## STORED DATA
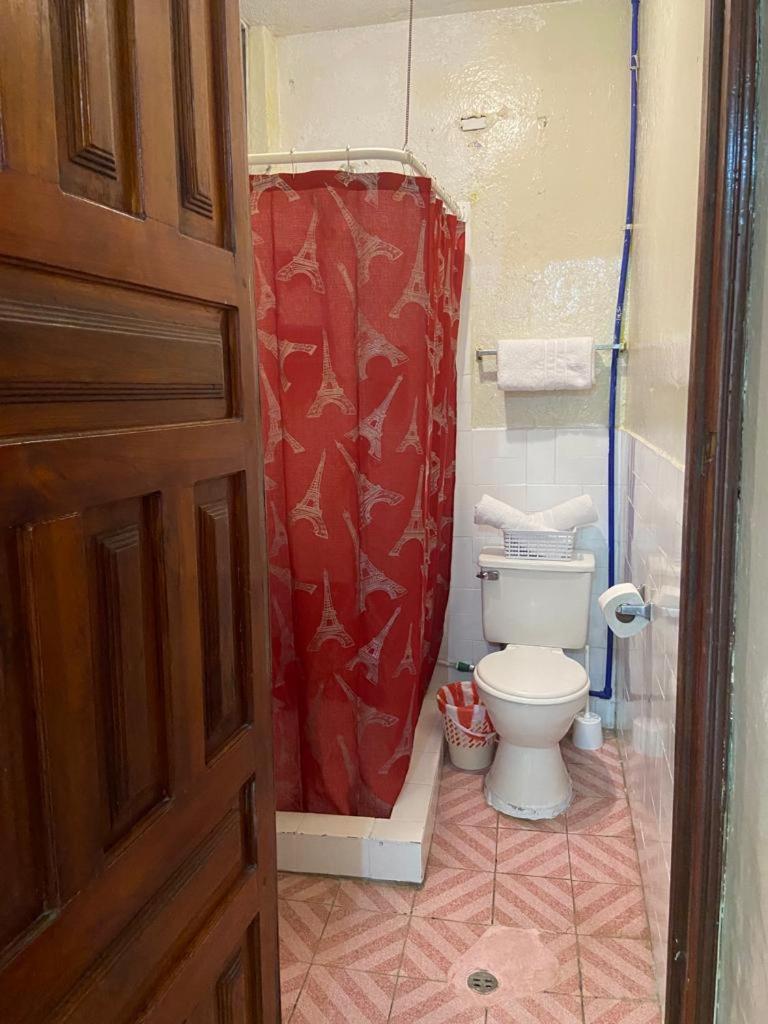 BAÑOS MINI DEPARTAMENTO AMOBLADO EN PLENO CENTRO de LA CIUDAD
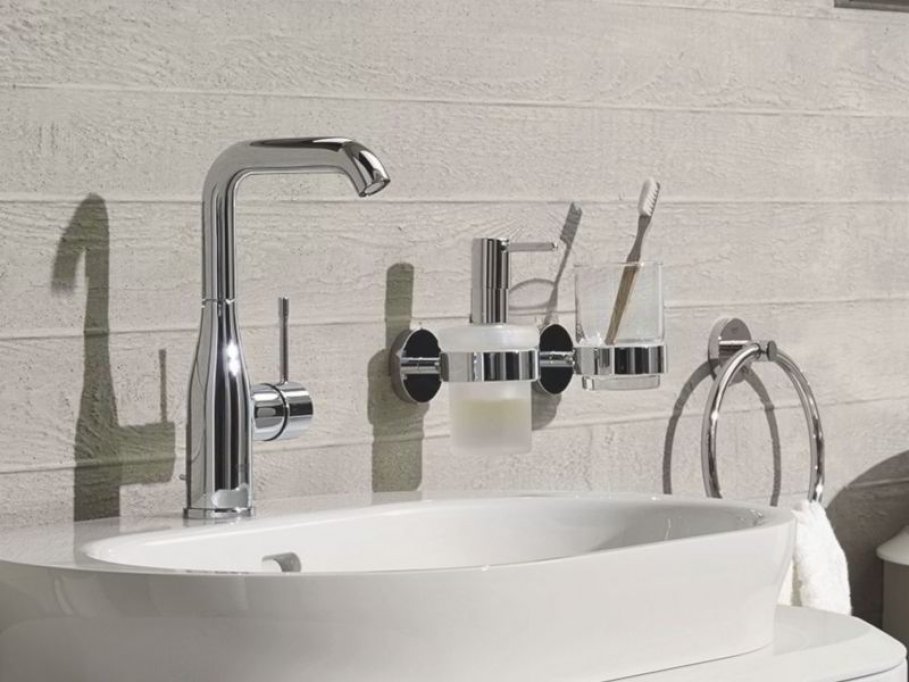 O baterie lavoar premium, una din dotarile moderne pentru orice baie de lux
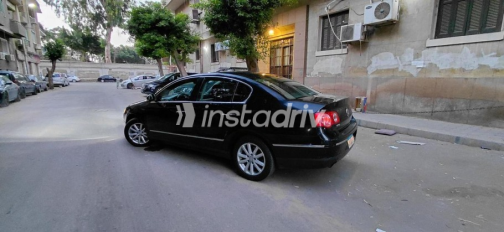 Volkswagen Passat 2011 Black Automatic Used for Sale in El Haram - 5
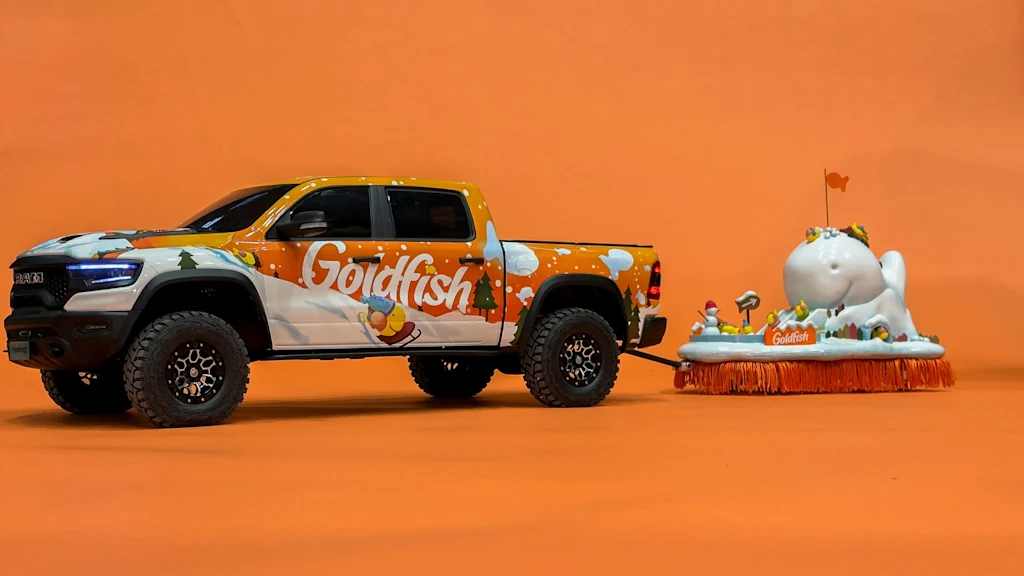 Goldfish joins Macy’s Thanksgiving Day Parade with the tiniest float ever | DeviceDaily.com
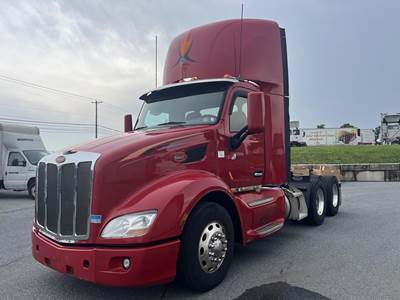 Peterbilt 579 Day Cab Truck - Paccar 510HP, 13 Speed Manual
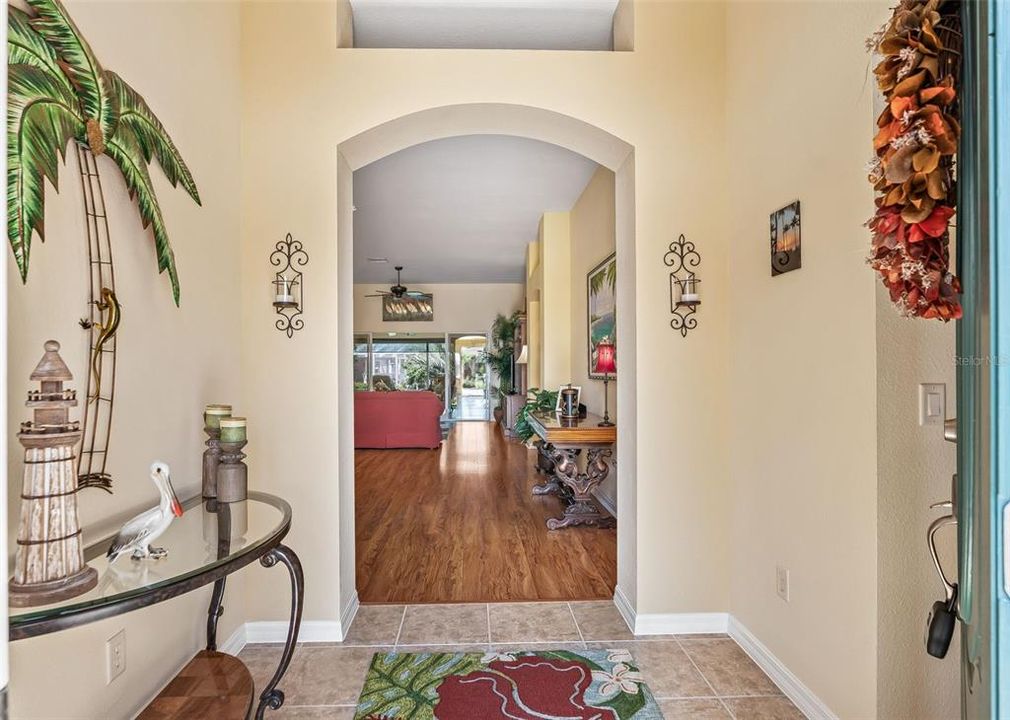 For Sale: $499,500 (3 beds, 2 baths, 2000 Square Feet)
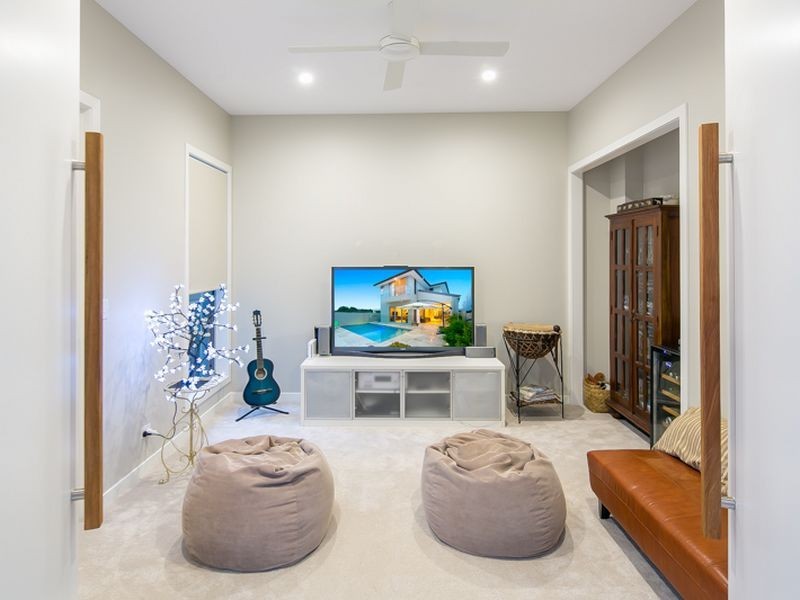 60 Harbour Rise, Hope Island QLD 4212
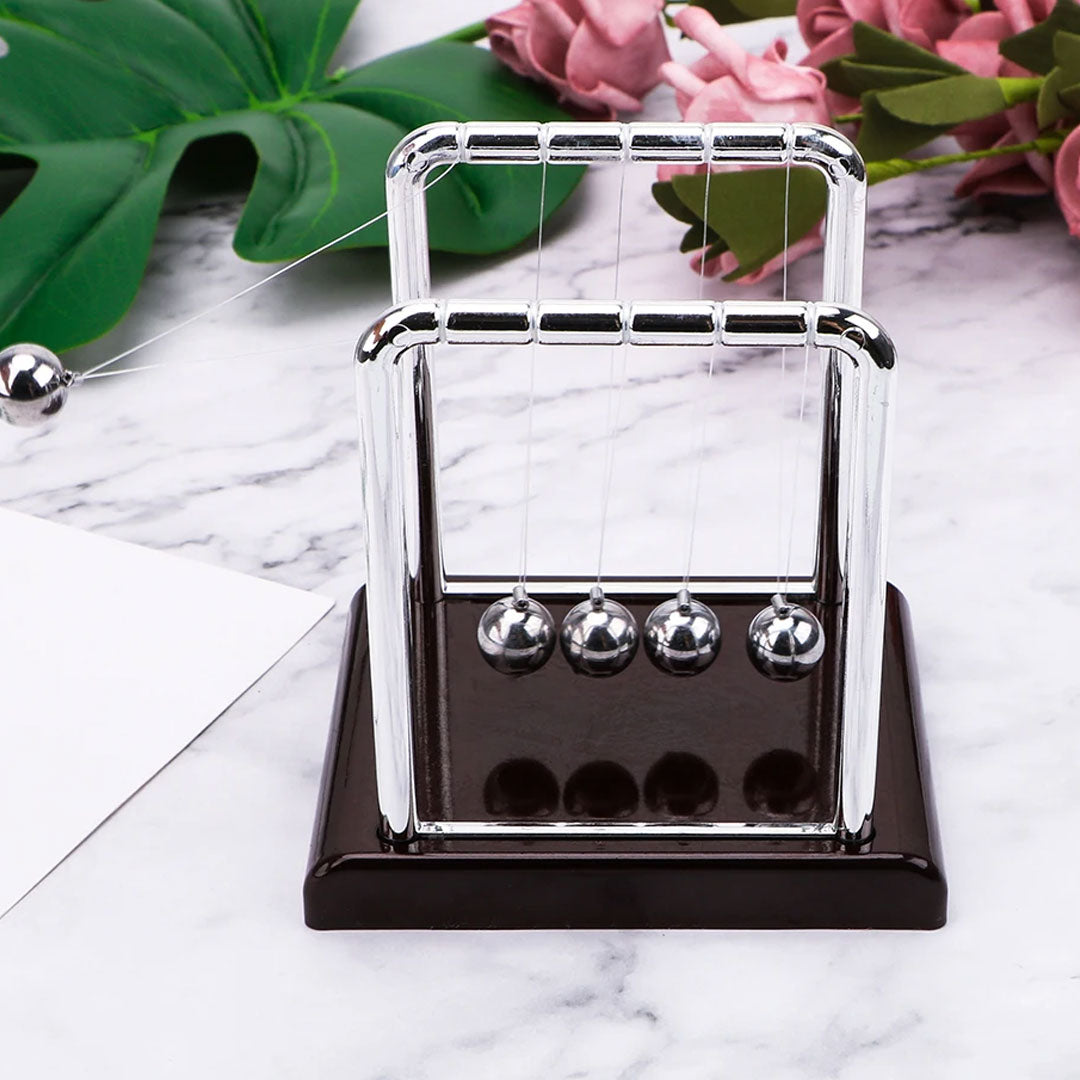 Newton's Cradle Metal Pendulum Desk Decor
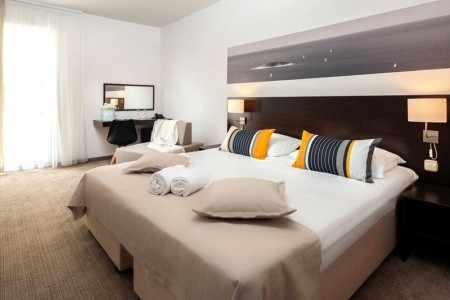 Vily Arausana & Antonina - 8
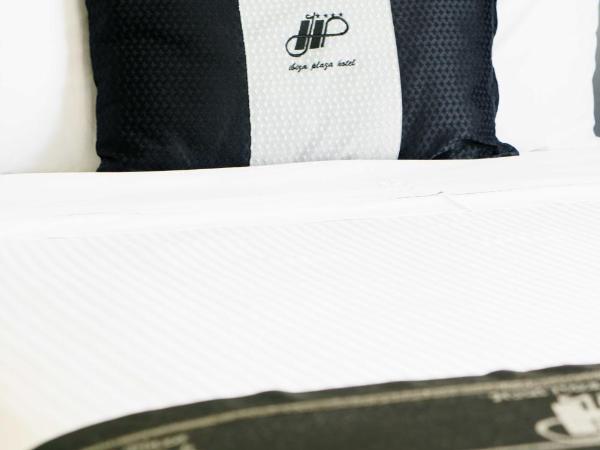 Hotel Ibiza Plaza : photo 3 de la chambre chambre lit king-size standard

## PROBLEM REQUIREMENTS
Everything from the line containing "Volkswagen Passat 2011" through the final line of the material must be set down exactly, except the pictures.

## REPLY
 Volkswagen Passat 2011 Black Automatic Used for Sale in El Haram - 5
 Goldfish joins Macy’s Thanksgiving Day Parade with the tiniest float ever | DeviceDaily.com
 Peterbilt 579 Day Cab Truck - Paccar 510HP, 13 Speed Manual
 For Sale: $499,500 (3 beds, 2 baths, 2000 Square Feet)
 60 Harbour Rise, Hope Island QLD 4212
 Newton's Cradle Metal Pendulum Desk Decor
 Vily Arausana & Antonina - 8
 Hotel Ibiza Plaza : photo 3 de la chambre chambre lit king-size standard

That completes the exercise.